One night, I fell asleep on my back partially on the wedge pillow I use for reading in bed. I slept like a stone for 10 hours. I was very tired from lack of sleep the previous night followed by working hard the following day. When I awaken, I check the O2Ring charts. One night (left side) I had moderate sleep APNEA and multiple alarms. My alarm activates at the default 88%. My lowest SPO2 was 85%. I have yet to see it lower. Not good. But not terrible.

You might think this rare event invalidates the rest of my story. I disagree. The O2Ring is a biofeedback device that lets you know when improvements are indicated and motivating improvements in the remediation effort.

  • The information it gave me prompted me to buy and try a mouth appliance, an APNEA remediation device mentioned by the Cleveland Clinic “Sleep Disorders Treatment Guide”. I won’t need it every night, but it is probably a good idea when I am very tired.
  • It was a vivid reminder to NOT sleep on my back.

Jack's sleep reports for o2ring

The alarm thresholds are a setting. I use the defaults for now. My SPO2 alarm activates at 88%. I usually sleep through the alarms. Nonetheless, I can see in the extract file that my SPO2 levels typically return to normal within 12-16 seconds of the alarm.

If I ever get to the point where I am not getting a good night’s sleep because of alarms, or my Scores are frequently below the minimum my physician recommends, I’ll be first in line for a CPAP machine. Based on what I have seen so far, I doubt that will happen anytime soon.

My personal sleep study continues with a goal being the safe personal pursuit of an alternative to CPAP. I’ll use a CPAP if necessary, but I want to avoid it if I can. I have avoided CPAP so far. I also want to be able to share hard facts about my progress with my physician as I proceed. The O2Ring does all of that for me.


The O2Ring is a convenient, affordable way to screen for, if not informally diagnose, sleep APNEA. I’ll leave it for the medical professionals to determine whether it is sufficient for a medical diagnosis.

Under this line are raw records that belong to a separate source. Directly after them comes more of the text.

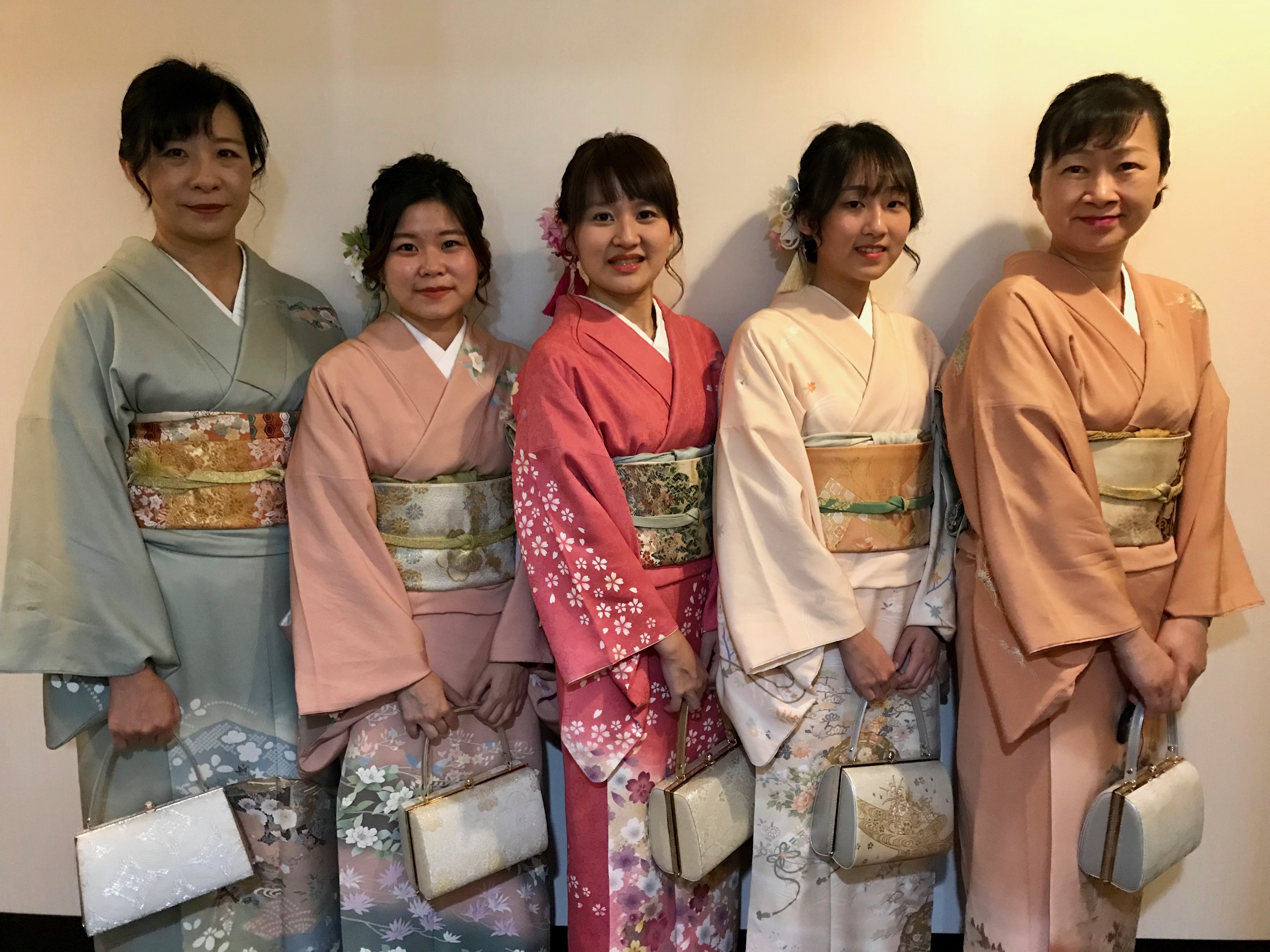 メリークリスマス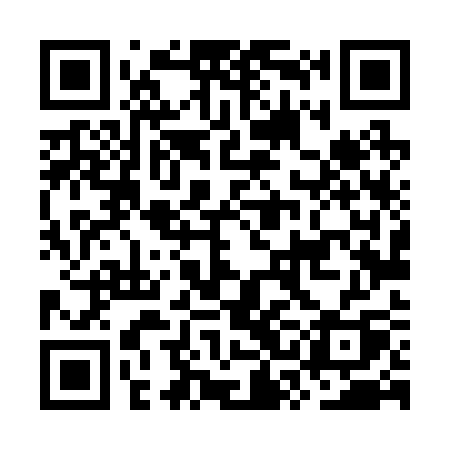 QR code for OSL23Q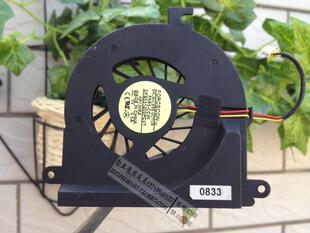 C461M C462 14001 Lenovo 风扇 C460A 14002 散热器 联想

Henceforth, I will be wearing it every night building a data set I can share with medical professionals. I just bought a second O2Ring for my wife. I will be buying more rings as Christmas gifts for my immediate family and that I can temporarily share with friends and/or extended family for screening purposes. A loan is an inexpensive gift with a high value. If they have an APNEA problem, they can buy their own ring.


Yes, I absolutely recommend an O2Ring for everyone, at least for self-screening and sharing with their physician. More information is always a good thing. People with known APNEA or heart trouble should wear it every night for the alarms and data collection whether they also use a CPAP machine or not. People without known APNEA should wear one at least periodically to look for hidden problems they may otherwise know nothing about until they have serious consequences. “

Progress report

-by Jack, 19.12.2019

The feedback from the O2Ring is showing me that the best way for me to manage my APNEA is to be very consistent about managing my sleep position, i.e. sleep on my side, not my back. I am gathering and using tools to assist me in that endeavour; Compare this chart to the previous charts. I am making progress.”